CFL's strategy is based on three pillars: MCX services, a 5G network covering both core and radio access, and dedicated railway spectrum in the n100 (900 MHz) and n101 (1900 MHz) bands. The first proof-of-concept deployed a complete MCX system in an "overlay" manner on a public 5G network without negotiating quality of service, aiming to validate the architecture and gain operational experience. According to Perrus, this phase has been successfully completed. The second proof-of-concept will tackle the more challenging aspects of GSM-R interworking, CFL Wi-Fi interworking, high-availability design, and staff training. If the trials are successful, a nationwide deployment in 2027 will replace all legacy dispatchers, followed by a full FRMCS upgrade starting in 2028 or 2029, aligning with the first version of the specification and the CCS TSI, with a gradual transition to CFL's own 5G network.

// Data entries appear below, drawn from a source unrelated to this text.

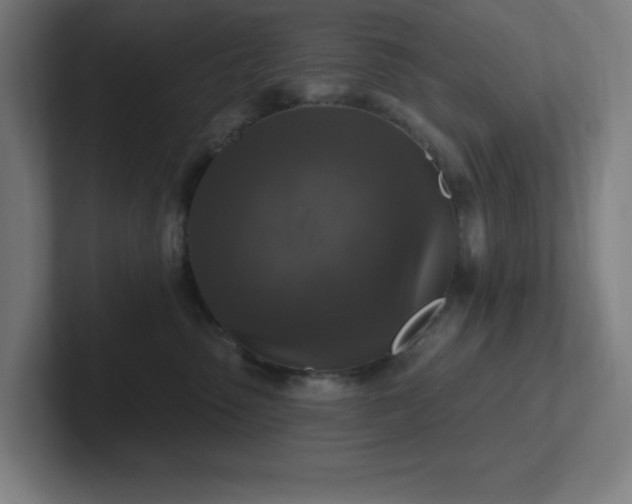 X0000102770475200808181133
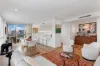 2102/1 Kings Cross Road, Darlinghurst NSW 2010-Image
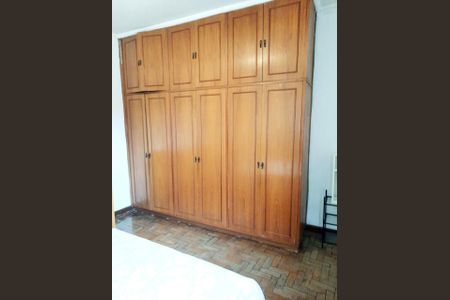 Casa à venda com 95m², 3 quartos e sem vagaFoto 41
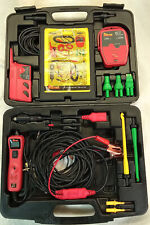 Power probe ppkit03s for sale  Burleson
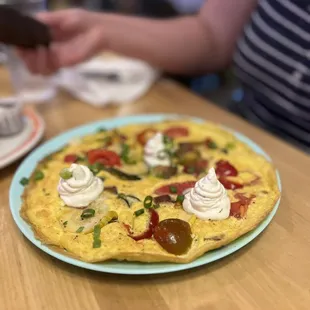 The Governor Modern Diner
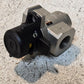 SMC Single Action Relief Valve VHS30-03-B | 0.1-1.8 MPa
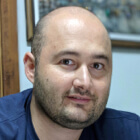 Guilherme de Mauro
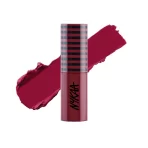 Nykaa So Creme! Creamy Matte Lipstick Gossip Dose 3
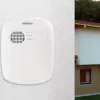 Central de alarma ANM24 NET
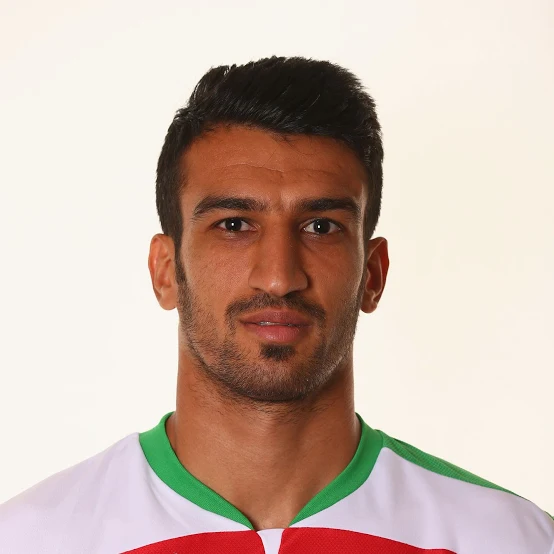 حسین ماهینی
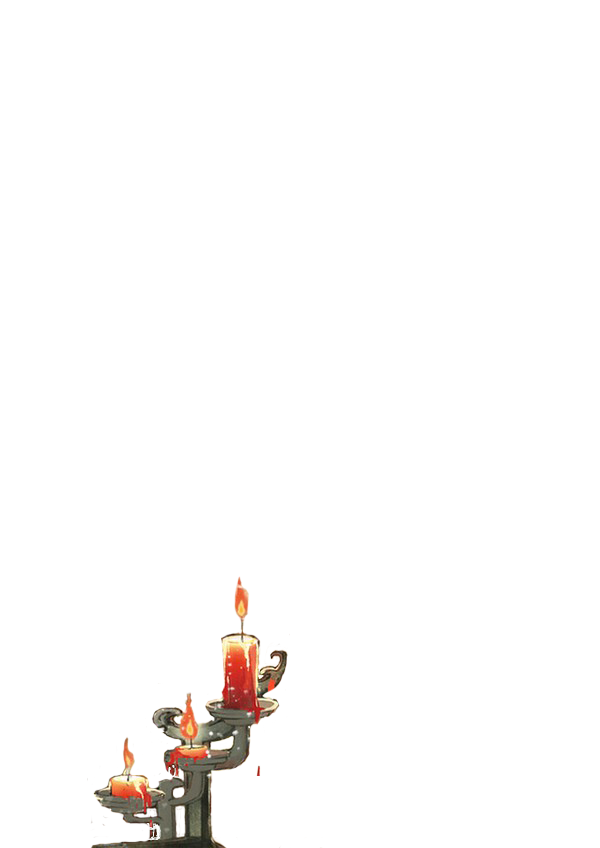 杂七杂八 (9).png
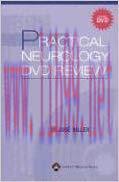 [PDF]Practical Neurology DVD Review (Foxit Reader)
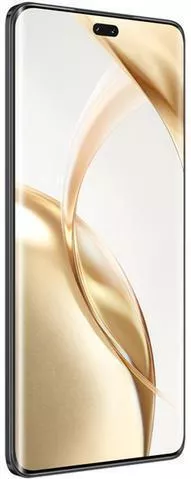 Honor 200 5G 12GB 512GB Μαύρο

Eviden's IWF played a key role in the FP2-MORANE-2 project, which aims to validate the current FRMCS specifications (version 2.2 and selected version 3 candidates) to produce a stable version 3 as the first version for commercial deployment. MORANE-2 conducts laboratory tests at three locations and field tests on five lines across four countries. Eviden is the sole supplier of GSM-R interworking functions in the project, one of only two MCX suppliers, and one of five dispatcher system suppliers. In the German field setup, Eviden provides the MCX application server and IWF, connecting to Nokia's GSM-R network subsystem and 5G core, with field tests scheduled to begin in January 2027.

Regarding network resilience, Perrus described a system isolation "bubble" design that allows trains to operate in degraded mode during an attack, with the MCX system also hardened through penetration testing. On the integration of legacy radios, Lett acknowledged that challenges remain: local interworking for TETRA, though defined by 3GPP, is unevenly implemented by vendors and often tied to licenses, potentially reintroducing vendor lock-in. The industry has workarounds, such as the ISI (Inter-System Interface), but no consensus on a unified solution has been reached. The current reality is that the FRMCS standard itself is maturing on schedule through MORANE-2, with friction points primarily stemming from brownfield realities and how to cleanly bridge TETRA and GSM-R. CFL's advice to other operators is to start planning and testing early, as the migration pace is dictated by interworking and legacy assets, not the specification itself.